Catalyst is a reboot, not a prequel as originally thought, to the original ME, confirmed by DICE at Gamescom 2015. It delves into Faith’s beginnings as a friendly neighbourhood parkour postwoman, also known as a “runner” in-game, just released from a juvenile correctional facility on probation. There is also an accompanying comic book that tells the story of what happened before the events of Catalyst, called Mirror’s Edge: Exordium.
While it does keep the elements of what made the game unique, Catalyst breaks from its roots by using a skill tree to develop Faith as the story progresses – new Gear, Combat moves and methods of Movement for more expert traversal of the building tops can be purchased as Faith gains experience points from missions, item collections and deliveries around Glass.
Though free-running in the original was already fairly sleek, Catalyst builds on what made that great and gave it extra polish – the faster you can react to the control pad mid-run, the smoother Faith will move, and the more flow she’ll have when vaulting obstacles and sliding under pipes. Some of the issues that occurred in the original were somewhat dealt with, some not; combat is still an issue. Forced incidences of fighting enemies to continue can often end up in button mashing as opposed to skillful dexterity around the pad, chipping away at enemies health until you can move on. When it does work, it’s usually only when Faith is on the move, and while she does have a larger repertoire of moves to attack different enemies with, the constraints that the game imposes on the player make it harder to fight an enemy when stopped. The option of robbing a gun from an enemy has also been removed entirely. The game actually encourages that avoidance can be the better option; it’s not necessary to stay and fight the enemy when traversing the city.
The stunning, bold visuals that captured the hearts of the players of the original return once again, with primary colours used throughout to amplify the city and its denizens. The colour of the runners, red, carries a number of functions, from identification of important objects, your allies, and the enhanced Runners’ Vision, which gives players a hand to find optimal places to traverse – it finds a route, but it’s important to note that it’s not always the fastest way to get there; taking shortcuts to spare precious seconds are always advised. Runners’ Vision can also be toggled on or off, giving veterans a chance to rely on their own knowledge of the city to navigate.
POV (point of view) is entirely in first person, with the exception of some slow motion combat scenarios where Faith is about to pummel a Kruger Security (K-Sec) Guard with a finishing strike. Everything from running so fast that speed lines appear in her peripheral vision, to jumping down off of a high ledge and rolling forward to break the fall is all in first person – which can be disorientating for some. The sounds of running shoes on different surfaces like glass or gravel, Faith’s breathing changing based on her speed, mingling with the city hub bub on the street below make the whole experience much more immersive. The user interface is minimal, only the bare essentials are on screen; if you have set a marker, you see it and are aware of it, but it doesn’t get in the way.

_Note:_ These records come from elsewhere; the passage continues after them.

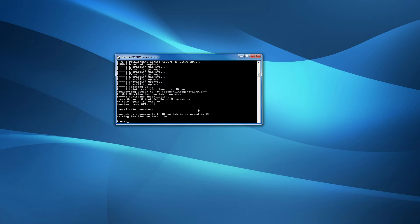You won't have to put in your username, but if that doesn't work, just type 'login' and then your username — the username you use to log into Steam, not the display name you can change. Then you'll have to go through the authentication process like you normally would.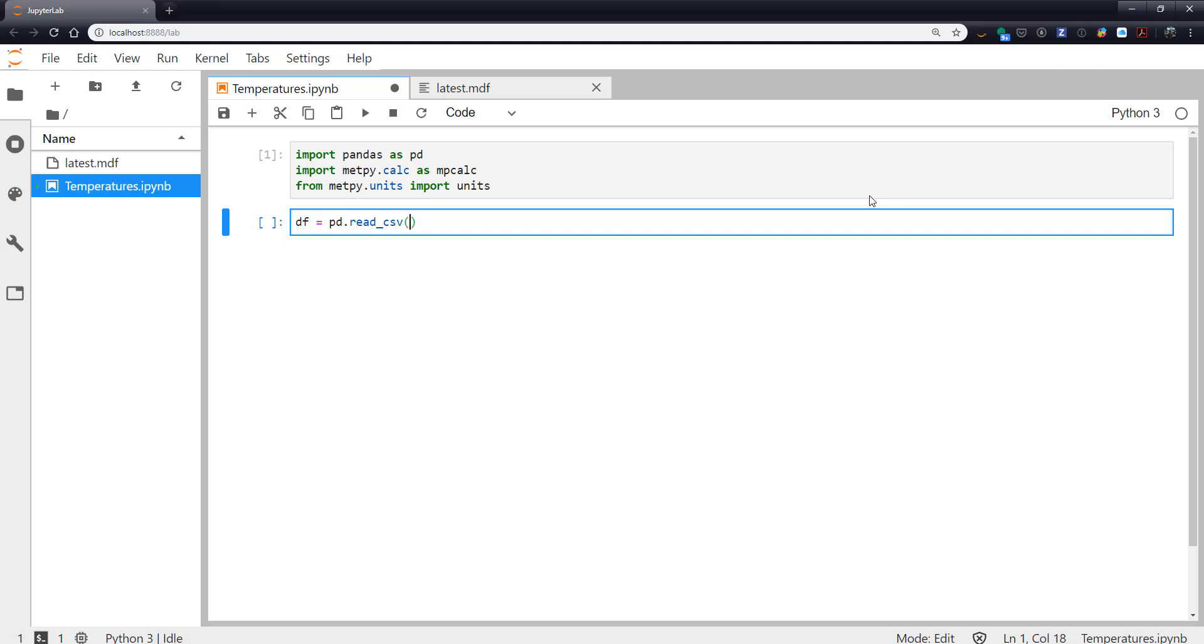So you'll probably see a warning about that if you use read_table and in the future it will just error out. So we're going to use latest.mdf, skip_rows is going to be two for our two header rows, and delim_whitespace is going to be true.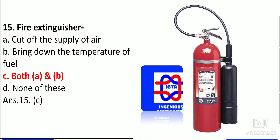The fire extinguisher, as you can see on the right side, is used to cut off the supply of air. Once operated, a foam layer is formed and then a carbon dioxide layer is formed. With no oxygen supplied to the burning material, the temperature of the fuel goes down automatically. Both actions together cause the flame to switch off. There are various types of extinguishers, which I will discuss in a future class.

For the adventurer/explorer player, this game is a dream – in contrast to the linear style gameplay that the first Mirror’s Edge was known for, funnelling the player through the story (with time trials available for completion for each chapter), Catalyst instead encourages exploring, looking for every nook and cranny for collectible items – of which there are many: secret documents, voice recordings, etc.
Fast travel is available to safe houses, but the game builds heavily on the idea that the journey is just as enjoyable and engaging as actually reaching your destination. The sheer thrill of vaulting over the abysses between buildings quickly followed by a scurry up a ladder to swinging from pillar to post is addictive, and when that inevitable fall to oblivion happens, you are brought back to the top of the last roof you fell from via frequent checkpoints.
And with that beautiful city skyline, what’s the rush when you’re not on the job?
The first Mirror’s Edge had animated cutscenes to tell its story – CGI is utilised this time around. I did enjoy the medium of the original, but the CGI lends itself a lot better to the games’ aesthetic in Catalyst; pivotal moments are much more visceral in their execution, and blend much easier into gameplay once again.
Immersive, addictive and a thing of beauty to look at and explore, Catalyst has some noted flaws, but the game overall is in good shape, and hopefully, a sign that there could be more in the pipeline for Mirror’s Edge.